Two things seem important here. First, Jesus' divinity is never objectively observable. It is objective, but its objectivity stands in total authoritative lordship over us, opening us up to investigation, not itself. It is Jesus' humanity that is on open display in his incarnation; his divinity, despite all the miraculous signs to it, is still only known through faith. The signs, for all their impressiveness, do not establish his divinity but point past themselves to it; they are, after all, miracles performed by a human and this can never be proof that this human is God. Even in Christ's incarnation, there can be no proof for God's existence. This is why so many can see the miracles and disbelieve while Anna and Simeon are able to believe seeing only the unimpressive infant Jesus with no external objective proof of his divinity (yes, I know thats in Luke, but its still valid).

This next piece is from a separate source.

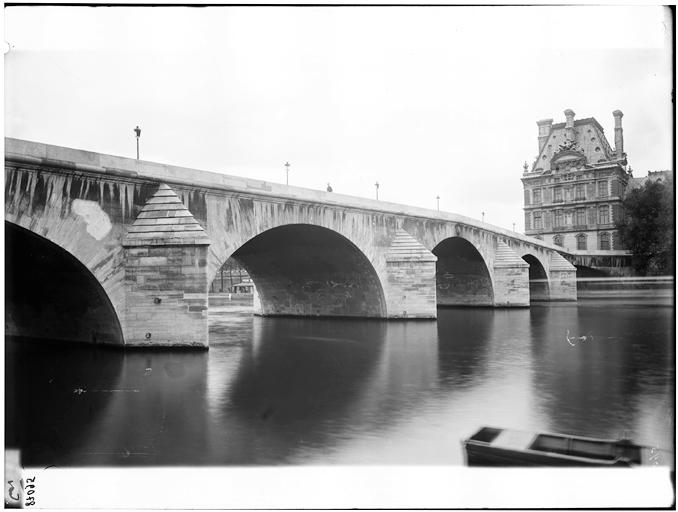 Vue du pont et du Pavillon de Flore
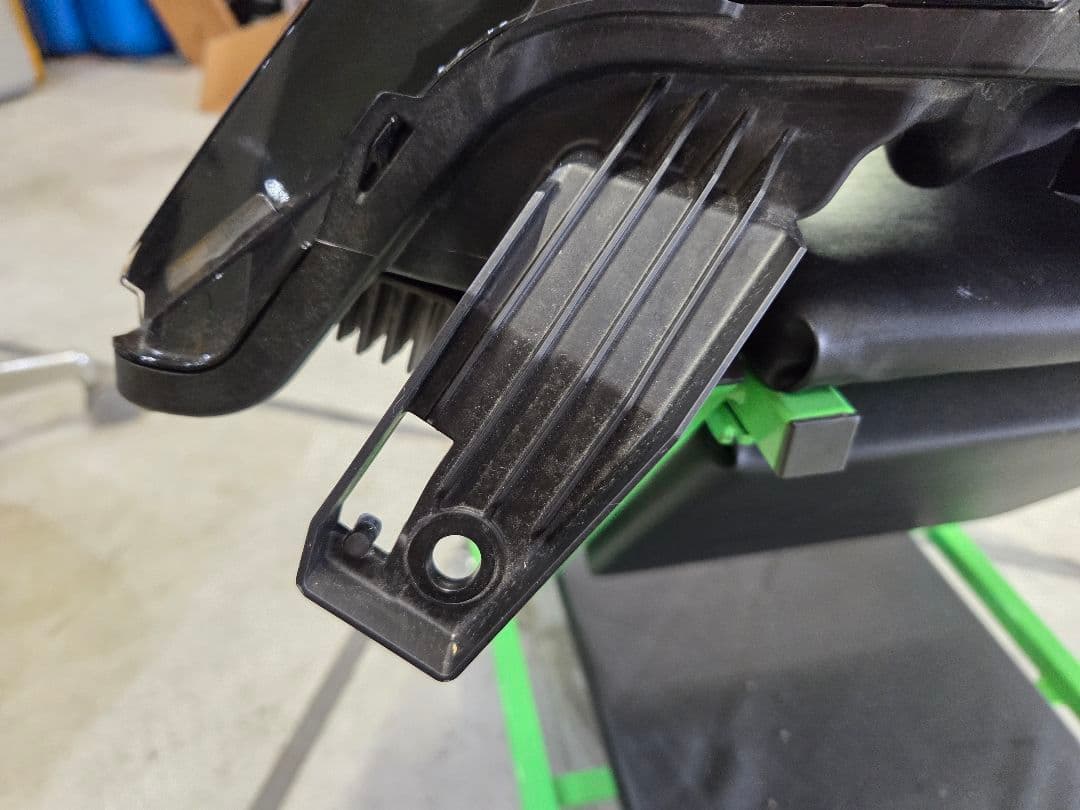 LBさん専用 日産 C28セレナ左側ヘットライト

Second, and probably more importantly, we must consider the theological implications of Christ's ascent into heaven. It is on purpose that so few saw the historical Jesus and so many more see the church in all its fallibility. Jesus was not an idol in his historical earthly life, but his ascension only establishes that fact more plainly. God never gave us any reason to expect any epistemological control over him; we can always only know him through faith. But won't we see him directly in heaven? Yes, when our minds are raised incorruptible from the dead. For now, they must be subjected to death. Our minds must be renewed and there is no undoubtable Cartesian basis for this to convince us in our fallen state that this must be so. We must relinquish control, repent of attempts to epistemologically control God and put him to the test. We must respond to the transcendent Word of God present in Jesus' humanity in faith for its own sake, not because we find it reasonable. To know God in Christ we must totally start over, including starting our thinking over from a totally new starting point, outside ourselves in Christ; we must be born again in him. A god that presents himself as fully reasonable to our fallen minds cannot be God; likewise a god that presents his full being to our eyes without destroying us can only be an idol.